Asanbay Center: What Is It?
Several weeks ago Bishkek got a new place, Asanbay Center. The city has seen no such large-scale projects since LOFT Tseh and ololohaus. The first used to be a favorite place of the Bishkek’s creative community and used to provide office space to designers, video production companies, magazines and etc. Now those days are long gone and ololohaus is the epicenter of the creative class in Bishkek. And luckily it’s not alone now, 1,700-square-meter Asanbay Center has some quite ambitious plans for Bishkek citizens.
Aida Sulova, who played several roles in the development of Asanbay Center starting from designing the place and up to promoting it and working with events, is always presented as an artist, as an activist, as a painter and as a designer. When asked how she would position herself, he says there’s probably no single word for everything she is trying to do and modestly replies that she is just a curious person.
As a graduate of NYU Aida could easily pursue a successful career in New York. And she did — Aida works for HMA2 design firm based in NYC. Still she came to the Kyrgyz Republic to start something new for herself. Having an opportunity to live and work in one of the best cities in the world and coming back to Bishkek might seem strange for some young people in Bishkek. Again, in a very modest way Aida says she sees absolutely nothing heroic in her decision. She feels good and finds lots of interesting in both cities.
An idea of a place for a range of different events in Bishkek came to Aida long time ago and she was expecting such a place to open in Bishkek. But nothing happened and Bishkek kept getting more restaurants and places for ‘toi’, which stands for a feast in Kyrgyz. The only place in Bishkek in recent years, which she was happy about, is the building of the American University of Central Asia. As a part of HMA2 Aida has worked on the AUCA project too — from design and navigation and up to developing public art programs.
When she was approached by a local entrepreneur and looked at the place, she saw a large potential in the project. A transformer is one of the definitions she gives to Asanbay Center, which is often confused with an art center or a gallery. While there is special place for art in this project, Asanbay Center is much more — as Aida says, it’s a pretty flexible place, which can host both contemporary art exhibitions and hackathons. The range is wide and includes commercial presentations like one Samsung recently had — the place if a for-profit project and has to cover its expenses. The concept is realized even in the design of Asanbay Center — it’s mostly monochromic. This was done intentionally to let the organizing parties to use their own decorations and create their own design. Supporting art, education and development is our mission, — says Aida. Still, there are limits and proposals like the recent offer to host an ultimate fighting event are not acceptable.
Asanbay Center was a new experience for Aida — she has never been involved into business projects of this scale — she was more used to cooperate with non-for-profit organizations. After researching the events taking place in Bishkek, Aida saw that lots of great events need a better place. Apart from providing space for events two-story, Asanbay Center also has a gallery, a designer shop, a book shop, a coffee shop and a restaurant upstairs.

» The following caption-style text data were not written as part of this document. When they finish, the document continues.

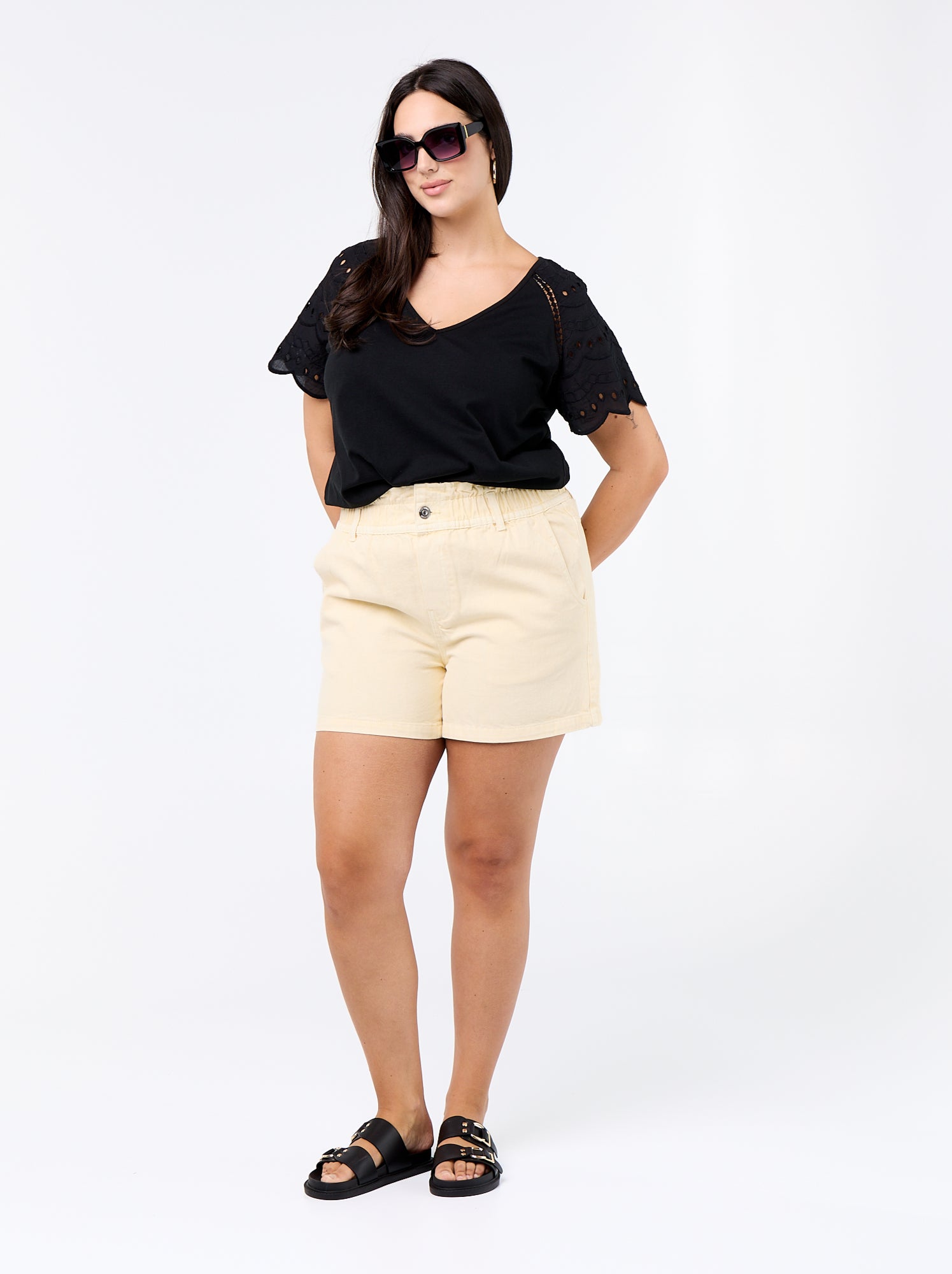Tee-shirt uni avec broderies sur les manches - Noir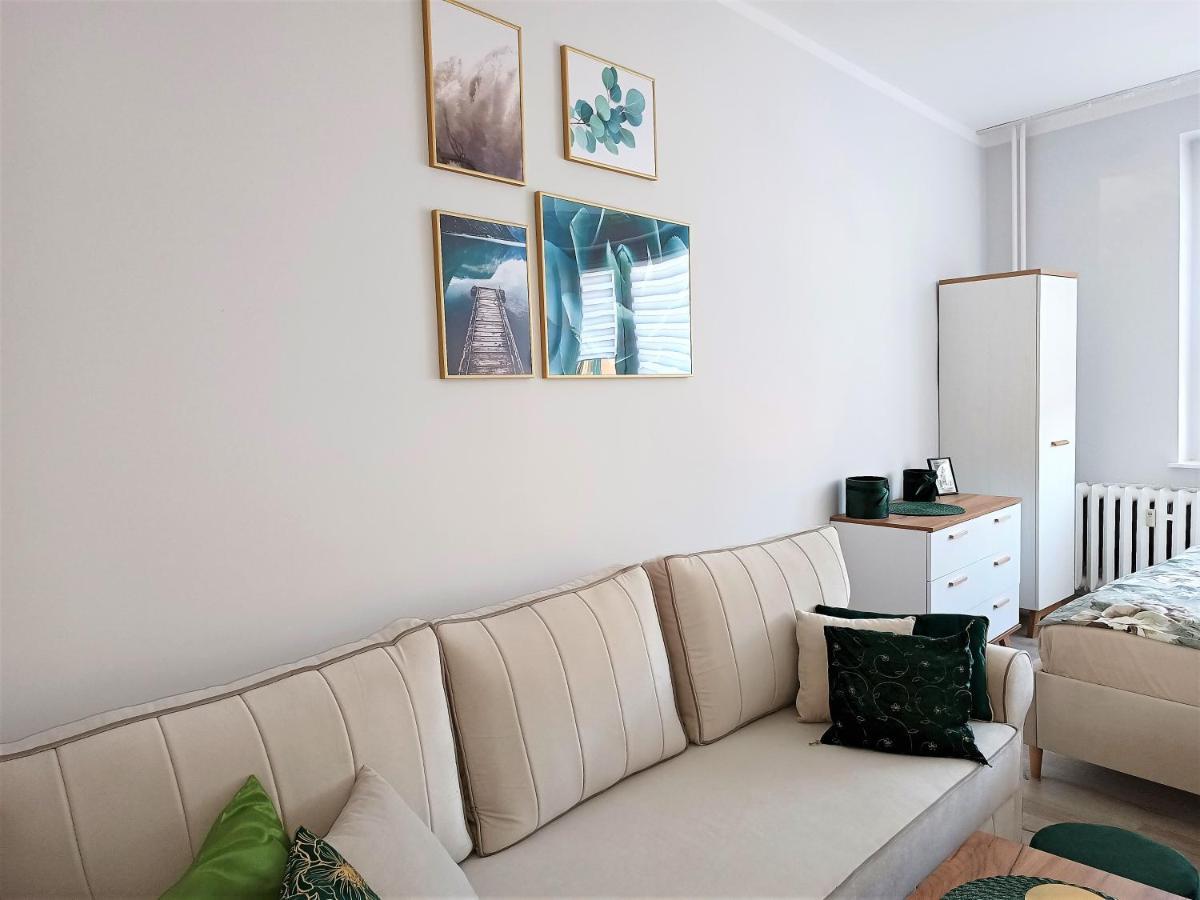 Szmaragdowy Apartament Przy Ulicy Opolskiej تارنوفسكي غوره المظهر الخارجي الصورة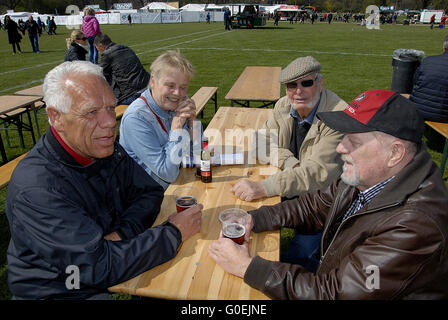 Copenhague, Danemark. 1er mai 2016. Mme Lizette Risgaard Danemark nouveau Preisent danois de LO du travail sur le 1er mai pour celetation.tour de la fête du travail dans Faelledparek à Copenhague, elle greeys chacun de différentes partie de la société et de la profession et des partis politiques, il est le nouveau fer à repasser la terre et nature aujourd'hui la personnalité le dimanche à Copenhague au Danemark. Crédit : François-Joseph Doyen / Deanpictures/Alamy Live News Banque D'Images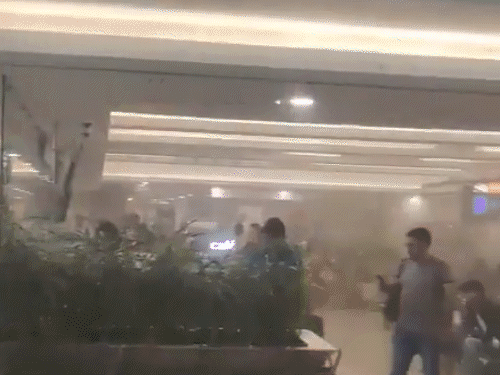 मुंबई एयरपोर्ट के टर्मिनल-1 के पास आग:रनवे एरिया से धुआं उठा, गेट बंद किए; कुछ उड़ानें रोकी गईं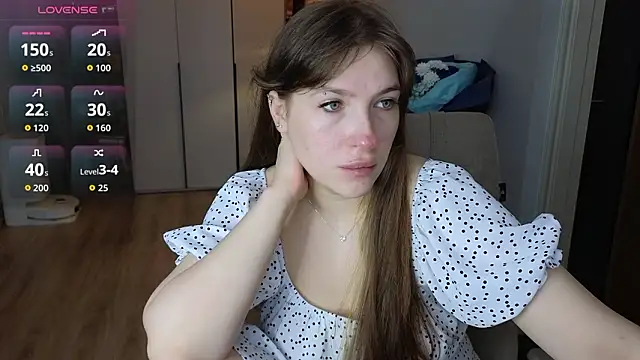 Snapshot of HennessyA chatting on 02-17-26, 05:05 HennessyA online show from 02-17-26, 05:05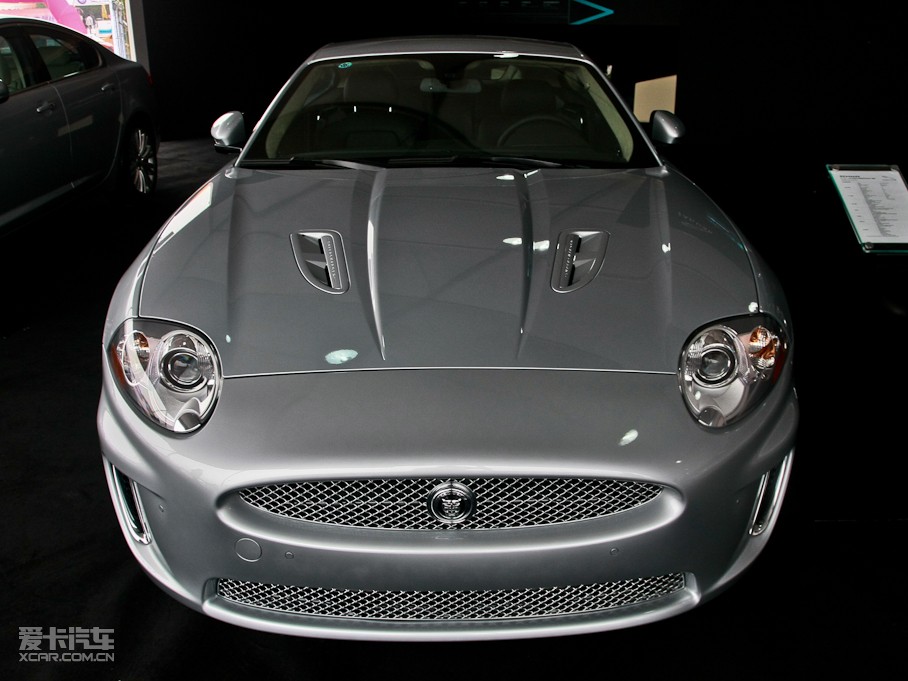 2009ݱXK R 5.0L V8 Cе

Spending most of her time in Asanbay Center Aida has bonded with the team. She even brought a symphonic orchestra once to perform for her construction workers one night. Even now Aida spends most of her day in the center. You can understand how dedicated she is to the project when you learn she has moved to an apartment nearby to save time. No wonder her colleagues from NYC, who visited Asanbay Center, highly appreciated Aida's work.
A Georgian-cuisine restaurant Niko is located on the second floor of Asanbay Center. This led to some controversy with some people stating on social media it was inappropriate. When asked if she is comfortable with such a neighborhood of an art center and a restaurant, Aida says she had to follow the concept, which was agreed from the very beginning. Moreover, she has researched the cases of such a combination in developed countries where art centers also had such neighboring units. Aida says understands such a reaction, but she also sees some sort of snobbery in such comments. She wants art to become more accessible — if we have a Georgian restaurant on the second floor, it doesn't mean it somehow invalidates our art center, — says Aida. She also tells a story about foreign painters, who visited to Bishkek and made paintings particularly for the restaurant and had no problems with that.
Asanbay Center is not a regular space for Bishkek and it's not surprising it got so much publicity. Kazakh media have recently visited the center, complimenting Bishkek by calling it Berlin of Central Asia. Hopefully Bishkek will have more projects of this scale justifying the compliment above.